The big difference is I'm using a left handed XYZ coordinate system where X[1, 0, 0] is right, Y[0, 1, 0] is up and Z[0, 0, 1] is forward as opposed to the standard right handed IJK system which I believe represents right/forward/up (correct me if I'm wrong).

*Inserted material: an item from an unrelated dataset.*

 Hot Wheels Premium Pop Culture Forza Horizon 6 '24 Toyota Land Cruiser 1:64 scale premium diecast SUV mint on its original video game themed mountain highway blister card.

In the videos first example, given state vectors R -7000j km and V 7500k km/s we should get: a = 6916km, e = 0.0122, i = 90deg or PI/2, omega = 270deg or 3PI/2, arg perigee = 180deg or PI, v = 180deg or PI

but my program is giving me: a = 6920km, e = 0.0115, i = 1.5707 or 90deg, omega = 2.3561 or 135deg, arg perigee = 0.78539 or 45deg, v = 3.14 or 180 deg

The tiny differences don't bother me, it's just the obvious ones like omega and perigee. I suspect it must be the difference in cross product between the two coordinate systems.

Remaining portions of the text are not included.